Stichtag
Als das Podcasting so Ende 2004/Anfang 2005 auch in Deutschland erstmalig etwas bekannter wurde, da wollten die etablierten Medien noch nicht viel davon wissen. Erst im Fruehsommer 2005 stuerzten sie sich auf die bis dahin ueberschaubare Zahl meistens privater Podcaster und schrieben Berichte ueber sie oder produzierten Radiobeitraege ueber den neuen "Trend".

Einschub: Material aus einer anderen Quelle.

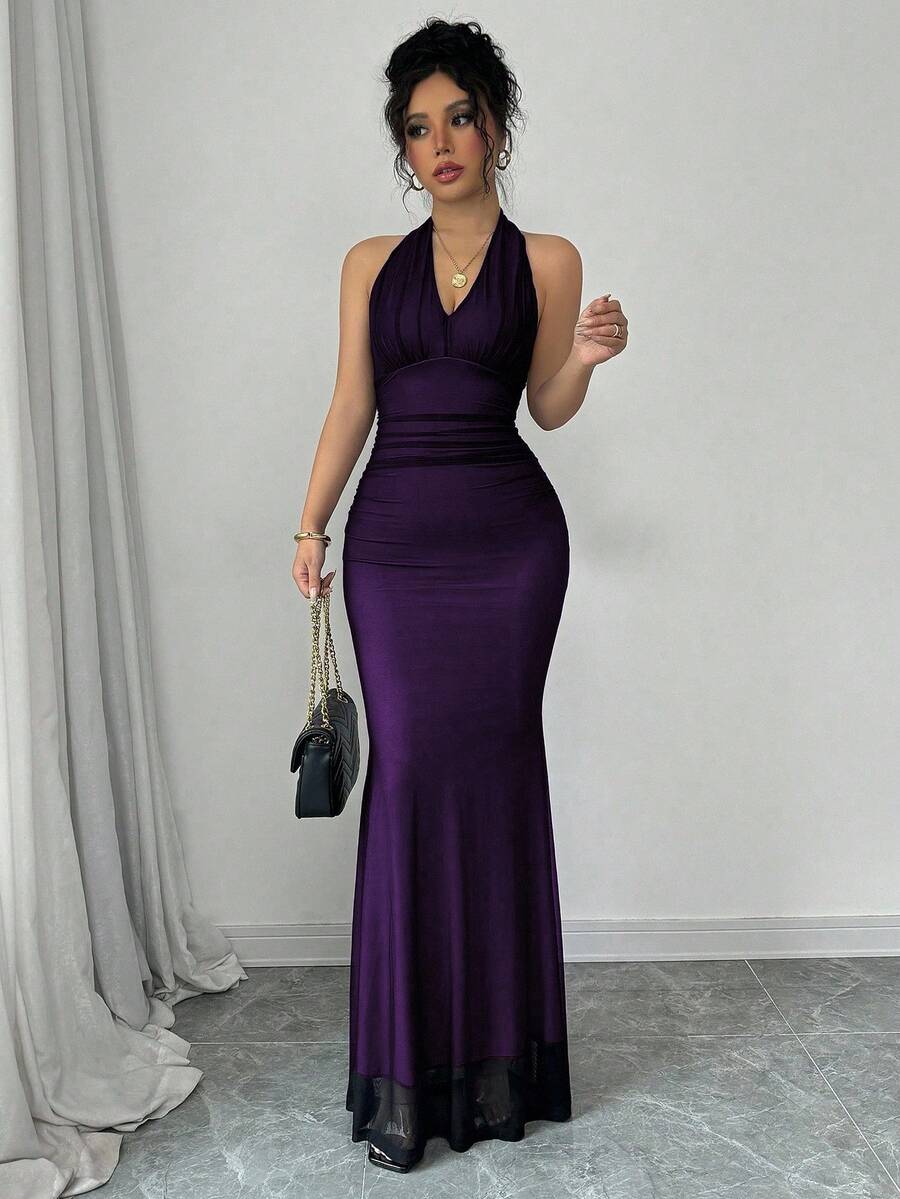 Women's long sleeve mermaid bodycon dress in high-stretch mesh fabric featuring a halter backless neckline, ruched high waist, and slim fit silhouette for formal evening wear.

Danach schien es irgendwann, als ob alle sich wieder mehr oder weniger zurueckgezogen haetten und "Kriegsrat" halten wuerden. Es wurde recht still. In dieser Zeit hatten aber viele Podcaster die Ambition, das Ganze noch bekannter zu machen und ich wandte mich zum Beispiel an den WDR mit der Idee, dass dieser doch so einzelne Radio-Kolumnen und -Sendungen wie z.B. "Quintessenz", den "Stichtag" oder die "Fruehstueckspause" aus dem WDR2-Programm auch prima als Podcast veroeffentlichen koennte. Die Antwort war freundlich, aber bestimmt: "Vielen Dank fuer Ihre Anregungen, wir freuen uns immer (…), sehen aber in dem Medium "Podcasting" derzeit keine Verbreitungsmoeglichkeit fuer unsere Inhalte".

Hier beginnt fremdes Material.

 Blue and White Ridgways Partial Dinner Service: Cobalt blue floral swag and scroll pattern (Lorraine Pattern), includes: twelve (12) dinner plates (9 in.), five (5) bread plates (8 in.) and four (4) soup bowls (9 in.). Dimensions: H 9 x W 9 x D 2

Tja, der Rest ist Geschichte. Irgendwann kam "die Flut", naemlich die Flut an oeffentlich-rechtlichen Podcasts und natuerlich schlief auch die private Rundfunk-Konkurrenz nicht (z.B. FFN oder RTL). Das Resultat: Viele grottenschlechte und ueberfluessige Sendungen (meistens aus dem Comedybereich), aber auch einiges, was sich wirklich lohnt und hoerenswert ist.
Schade nur, dass diese Dinge grundsaetzlich zulasten derjenigen passiert sind, die das Podcasting von vornherein vorangebracht, etabliert und weiterentwickelt haben. Attribute, die man den "grossen" Medien zumindest damals nicht zuschreiben konnte, von wenigen positiven Ausnahmen (wie z.B. SWR 2) mal abgesehen. Heutzutage dominieren die oeffentlich-rechtlichen und privaten Rundfunkangebote zumindest in punkto Quantitaet auch die Podcastszene und es ist daher umso erfreulicher, dass es einigen urspruenglichen, wirklich-privaten Leuten mit ihren Audio- und Videobeitraegen gelingt, nach wie vor dabei zu sein und den grossen Anbietern gewissermassen die Stirn zu bieten. Ob gewollt oder ungewollt, sei dahingestellt….
Ein oeffentlich-rechtliches Angebot soll an dieser Stelle mal deutlichst hervorgehoben werden: Der "Stichtag" im WDR 2. Der laeuft allmorgendlich im normalen Radio (abends noch einmal in der Wiederholung) und bezieht sich immer auf Daten und Ereignisse, die sich im historischen Kontext auf den jeweiligen Wochentag beziehen. Dabei kann der Inhalt kulturell anspruchsvoll gestaltet sein, oftmals geht es aber auch um trivialere Themen. Der Geburtstag eines Staatsoberhauptes, eine historische Tat, eine Proklamation, eine Plattenveroeffentlichung, eine Erfindung, eine politische Uebereinkunft… einfach alles kann vorkommen. Und in den allermeisten Faellen ist es lehrreich, kurzweilig aufbereitet und sehr gut recherchiert. Lohnt sich.